Daniel Baur erklärt: «Mit dem Naturpark fördert die Barmelweid gezielt artenreiche Kultur-Landschaftstypen, die heute zum Teil durch moderne Bewirtschaftungs-Methoden in der Land- und Waldwirtschaft kaum mehr vorkommen und damit – leider – nur noch einen Nischencharakter aufweisen». Insgesamt konnte so gegenüber der ursprünglichen Situation eine Fläche von etwa 6’500 Quadratmetern entsiegelt werden, was ungefähr der Grösse eines Fussballfeldes entspricht.

Auf dieser Fläche und weiteren 7’500 Quadratmetern können sich seit der Renaturierung vitale Boden- und Vegetationsstrukturen entwickeln, welche die Lebensgrundlage für ein vielfältiges Ökosystem bilden. Die Barmelweid hat insgesamt 4 Millionen Franken in den Naturpark und die Klinikumgebung gesteckt.

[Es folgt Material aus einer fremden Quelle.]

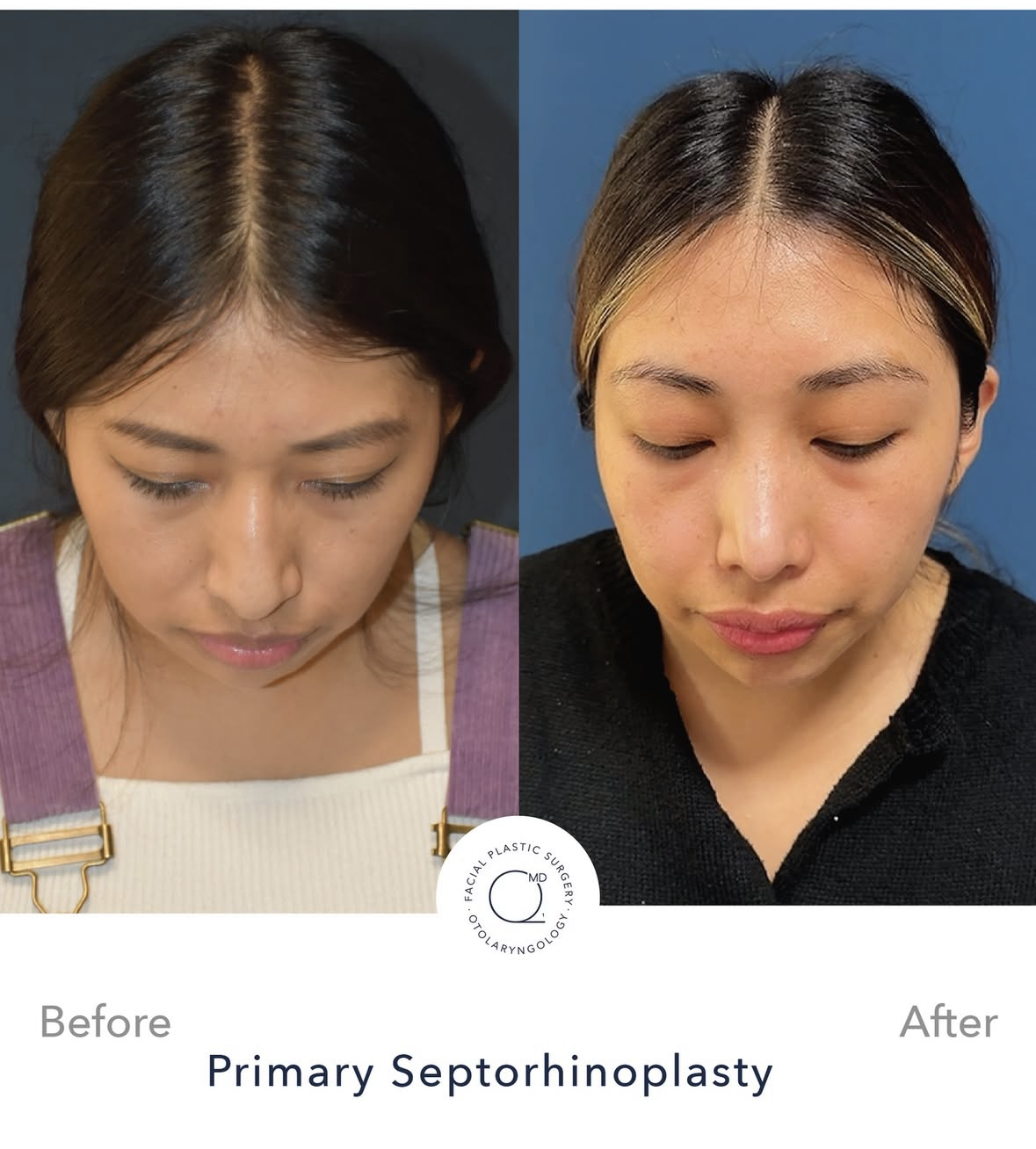 Rinoplastia femenina antes y después — fotografía 7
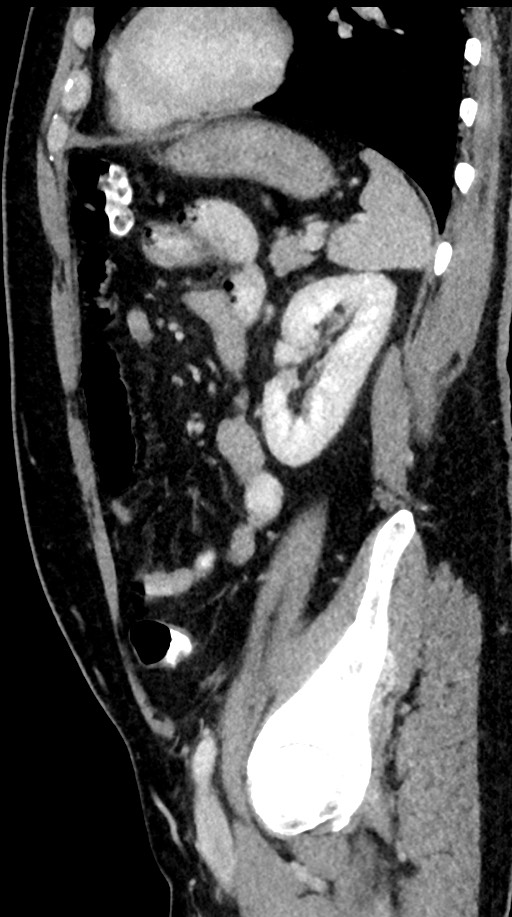 Acute appendicitis (Radiopaedia 77016-88960 Sagittal C+ portal venous phase 35).jpg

Vorreiterrolle der Barmelweid und Dank an die Steuergruppe
Mit der Umsetzung des Projekts ist die Klinik zu einem wichtigen Akteur in der Wissensvermittlung über den Natur- und Kulturraum Barmelweid, sowie den Erhalt und den Ausbau von Biodiversität geworden. Zudem haben die räumlichen und landschaftlichen Qualitäten eine überregionale Strahlkraft: Die Barmelweid ist ein beliebtes Ziel für Erholungssuchende aus der Region und darüber hinaus, die hier in Berührung mit besonders artenreichen Vegetations- und Biotopstrukturen kommen und den Wert ökologischer Vielfalt geniessen können.

Im Frühling 2023 ist der Naturpark Barmelweid beim «Aargauer Naturpreis» mit dem zweiten Platz in der Kategorie «Lokal» prämiert worden. Mit dem Aargauer Naturpreis zeichnet der Kanton Aargau die innovativsten Projekte zur Förderung der Biodiversität aus.

Freuen sich über den 2. Preis in der Kategorie «lokal» (v.l.n.r.): Ludger Krabbe (Bryum GmbH), Barmelweid-Verwaltungsratspräsident Dr. Daniel Heller und Daniel Baur (Bryum GmbH).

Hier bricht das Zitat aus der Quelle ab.